Editoriali / Lodi
Venerdì 22 Novembre 2024
Due lezioni dalle Regionali su astensionismo ed equilibri
Il centrodestra farebbe bene a non sottovalutare il segnale di Umbria ed Emilia
«Talvolta ho l’impressione che ci sia - è anche comprensibile, forse - tra le forze politiche, maggiore attenzione rivolta, per la competizione, soltanto a chi vota, a chi poi andrà alle urne. Il problema principale però del nostro Paese, del nostro sistema istituzionale, è verso chi non vota, per indurlo a partecipare alla vita democratica del paese con le elezioni. Perché la democrazia vive della partecipazione: se questa non c’è, appassisce». Lo diceva qualche giorno fa il Presidente della Repubblica intervenendo all’incontro dell’Osservatorio permanente giovani-editori. Le elezioni in Emilia-Romagna e Umbria hanno fornito una conferma di questa emergenza oltre le già pessimistiche (dato il trend generale) previsioni. Eppure a livello regionale è possibile una conoscenza meno generica dei candidati e il sistema elettorale è il più maggioritario e “presidenzialista”. che ci sia nel nostro ordinamento. Due fattori che teoricamente dovrebbero incentivare l’affluenza alle urne, ma non è andata così Le radici del problema sono evidentemente più profonde. Ha certamente pesato il fatto che il risultato dell’Emilia Romagna fosse dato abbastanza per scontato, ma questo non può bastare a motivare un calo dell’affluenza superiore ai 20 punti percentuali e una partecipazione nettamente al di sotto della soglia della metà degli aventi diritto. Del resto anche in Umbria, dove invece la carica di governatore era chiaramente contendibile, si è toccato il minimo storico con una discesa di ben 12 punti rispetto alle precedenti regionali. Il doppio successo del “campo largo” può essere relativizzato al pensiero che si tratta pur sempre di due regioni storicamente a sinistra. E quindi il problema di fare breccia nell’altra metà dell’elettorato resta in piedi. Però la volta scorsa l’Umbria era andata al centro-destra, un esito per certi versi clamoroso, e il recupero avvenuto in una stagione in cui il vento sembra spirare in tutt’altra direzione è un fatto politico oggettivamente rilevante.
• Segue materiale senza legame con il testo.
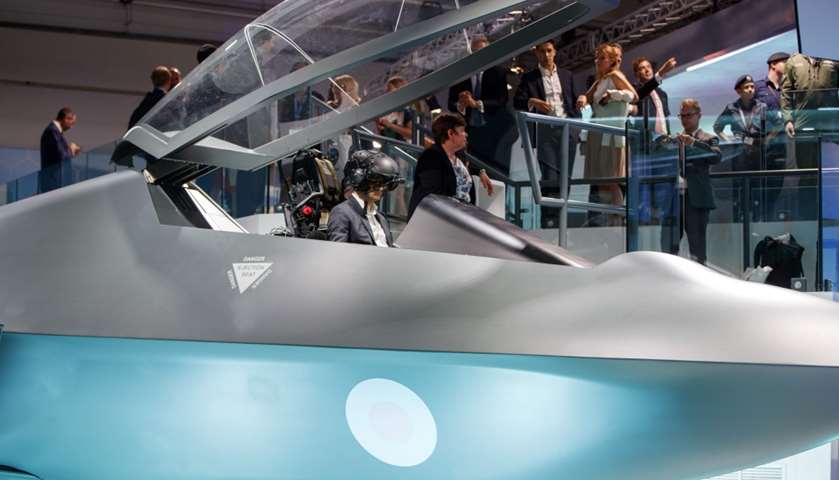 Visitors look at the model of a new fighter jet, a part of Team Tempest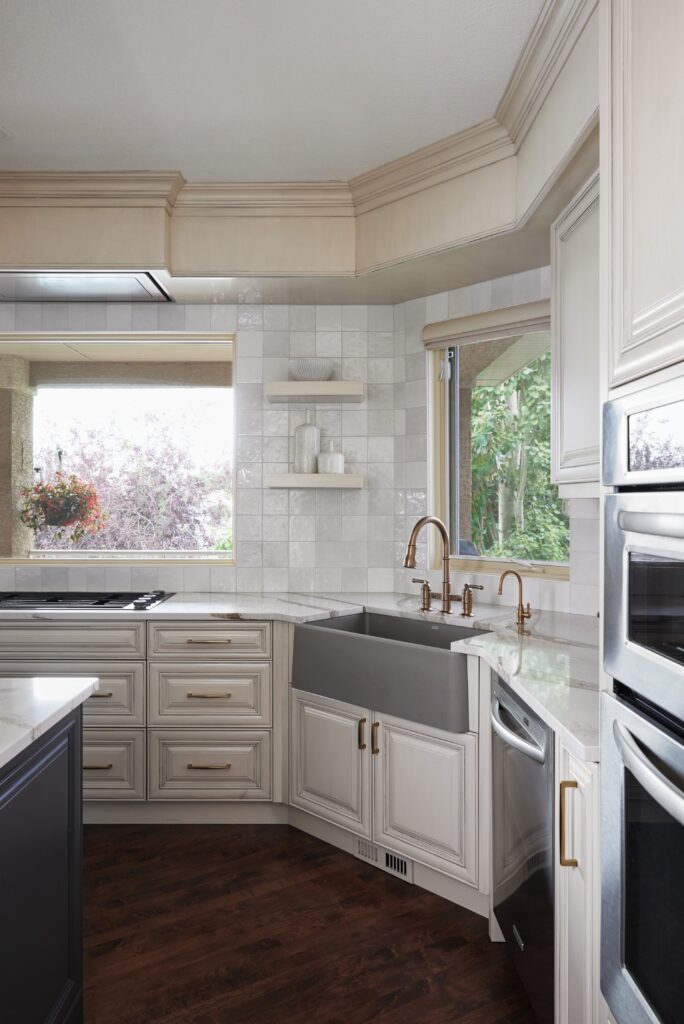 Modern kitchen with white cabinets, brass hardware, a large farmhouse sink, stainless steel double ovens, open shelves, and large windows showing greenery outside. Dark wood floors contrast with light countertops.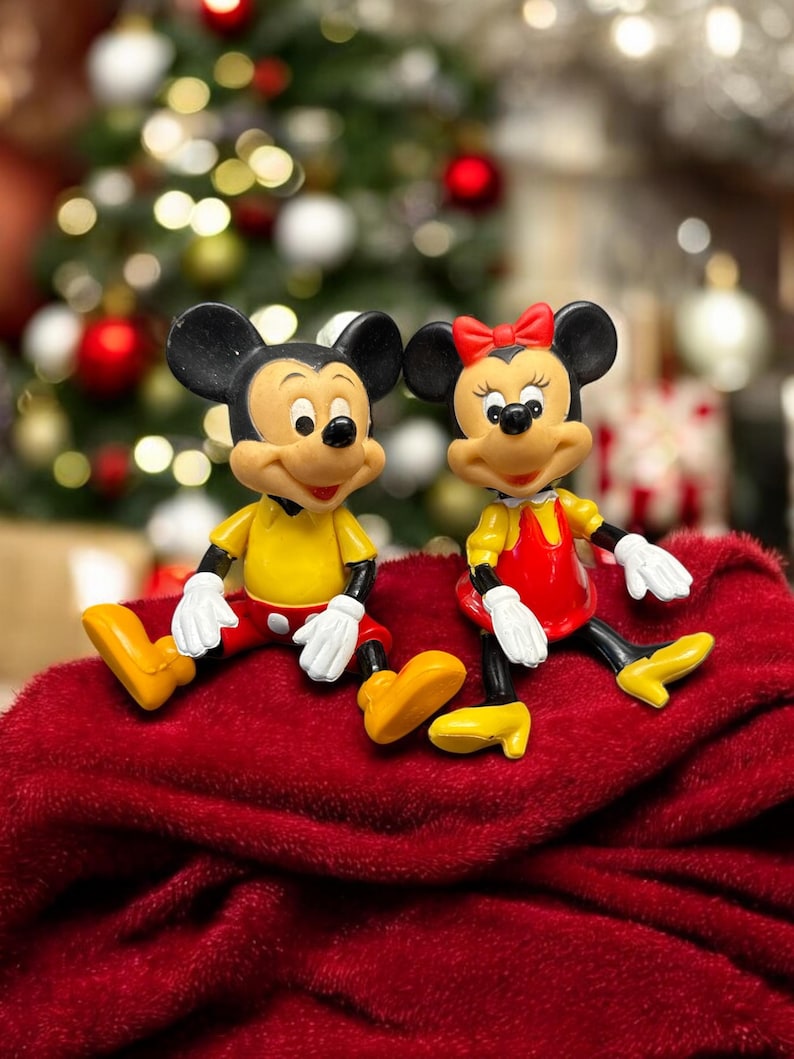 Pode incluir: Duas figuras de Mickey e Minnie Mouse sentadas numa superf&iacute;cie vermelha. Mickey usa camisa amarela, cal&ccedil;&otilde;es vermelhos e sapatos amarelos. Minnie usa um vestido vermelho, sapatos amarelos e um la&ccedil;o vermelho. Uma &aacute;rvore de Natal ao fundo.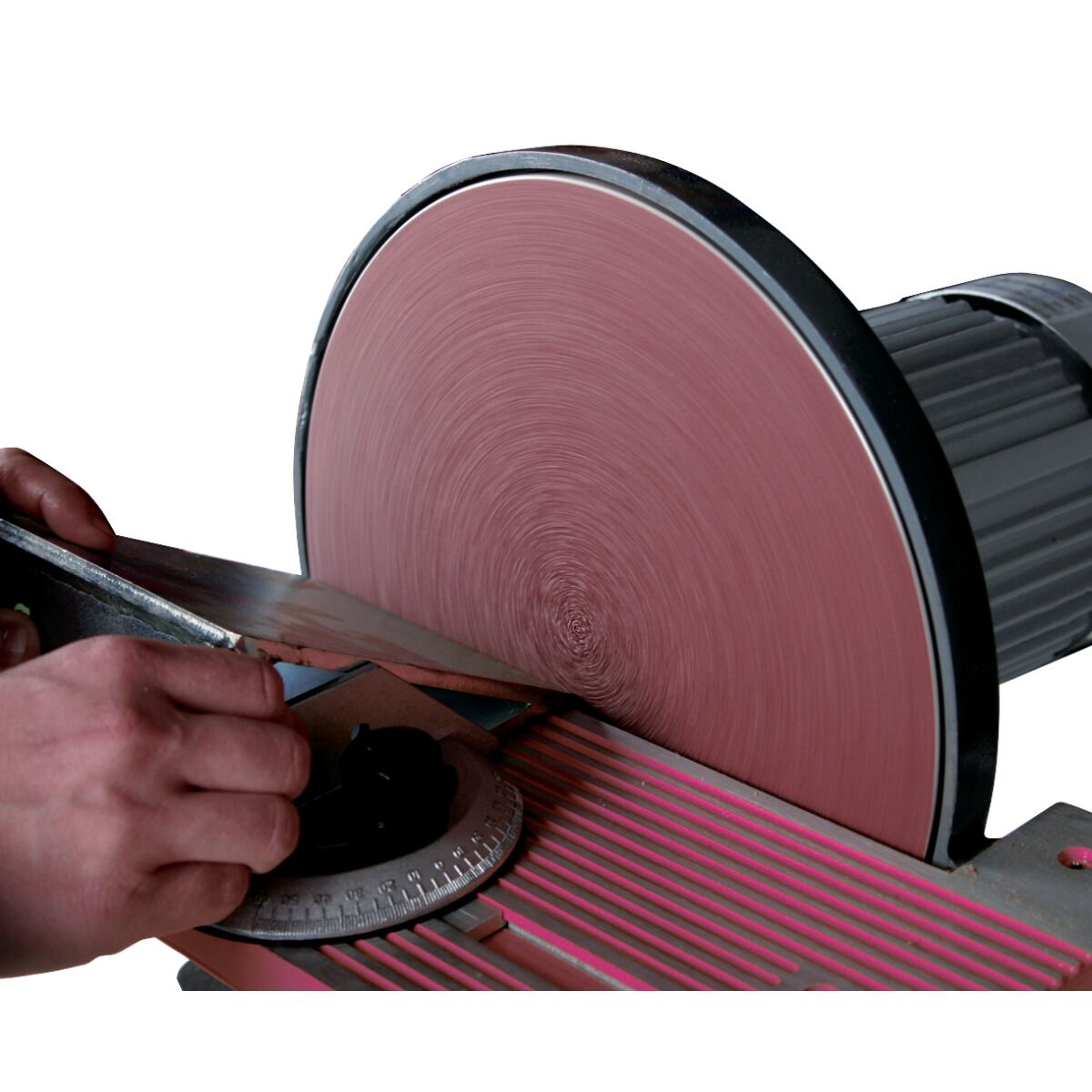 Hand führt ein Metallteil an eine rotierende Schleifscheibe auf dem verstellbaren Arbeitstisch eines Tellerschleifers.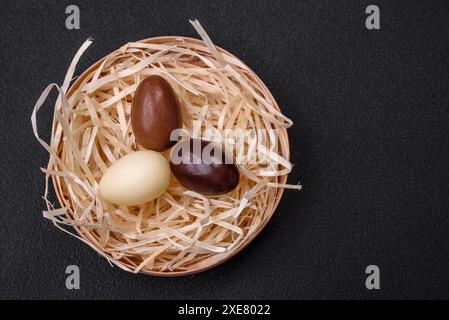 Poule de Pâques en chocolat et oeufs dans un nid avec de la paille Banque D'Images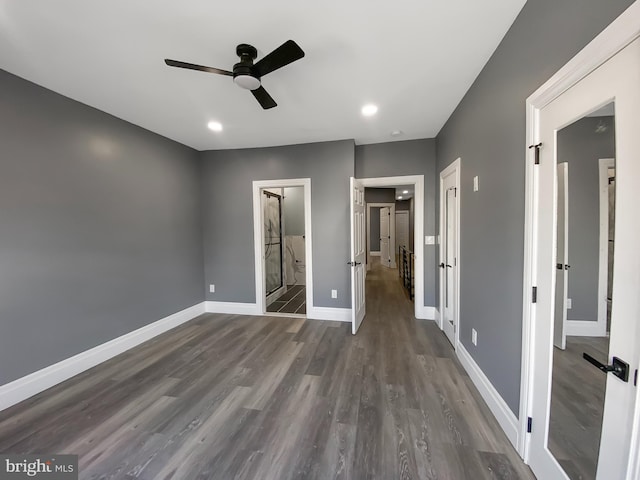 unfurnished bedroom with ensuite bath, ceiling fan, and dark hardwood / wood-style flooring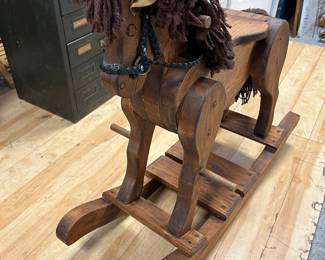Child's wood rocking horse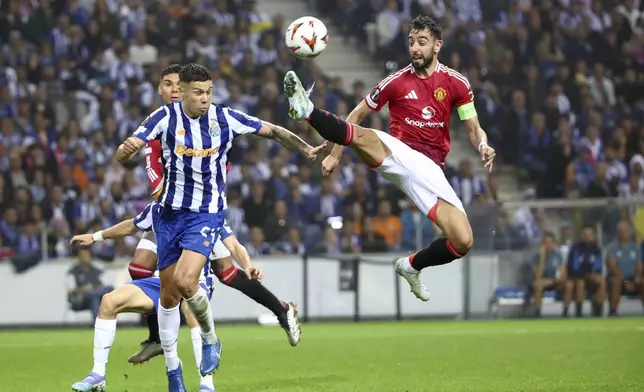 Manchester United's Bruno Fernandes, right, reaches for the ball too high and close to the head of Porto's Nehuen Perez to see a second yellow card and be sent off, during a Europa League opening phase soccer match between FC Porto and Manchester United at the Dragao stadium in Porto, Portugal, Thursday, Oct. 3, 2024. (AP Photo/Luis Vieira)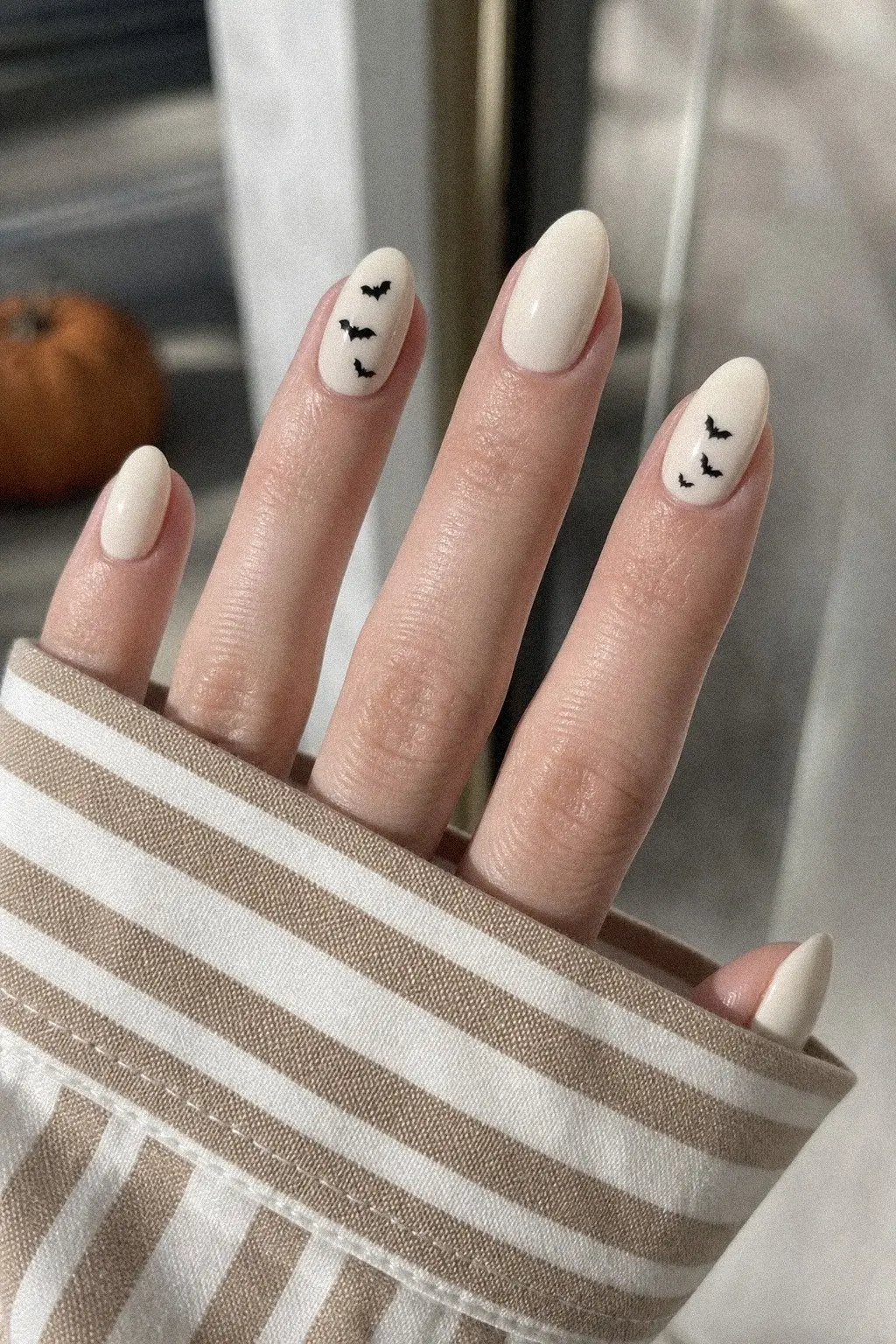 medium almond nails with warm cream off-white gel base, small black bat silhouettes on accent nails, fingers spread over striped shirt cuff, look 7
Per quanto riguarda la maggioranza nazionale, fino a quando le opposizioni non riusciranno a coagulare una coalizione coesa e credibile come alternativa di governo, Giorgia Meloni e i suoi alleati non avranno molto da temere sul fronte interno. I problemi più insidiosi appartengono semmai alla sfera internazionale che è sempre più gravida di incognite. Comunque il risultato del voto in Umbria ed Emilia-Romagna è un segnale che il centro-destra farebbe bene a non sottovalutare. L’atteggiamento che lascia intuire (o talvolta dichiara esplicitamente) la volontà di prendere tutto e a tutti i livelli, può indurre una reazione di rigetto nell’opinione pubblica. Per non parlare del rischio di entrare in rotta di collisione con gli organismi di garanzia, come ha dimostrato la decisione della Corte costituzionale che ha ridisegnato completamente la prospettiva dell’autonomia differenziata, riconducendola ai principi della Carta. Il terreno delle riforme, vale ricordarlo, è per antonomasia quello più congeniale al dialogo tra i partiti. Si potrebbe ripartire da qui, ma sarebbe necessaria una volontà politica che non si vede all’orizzonte.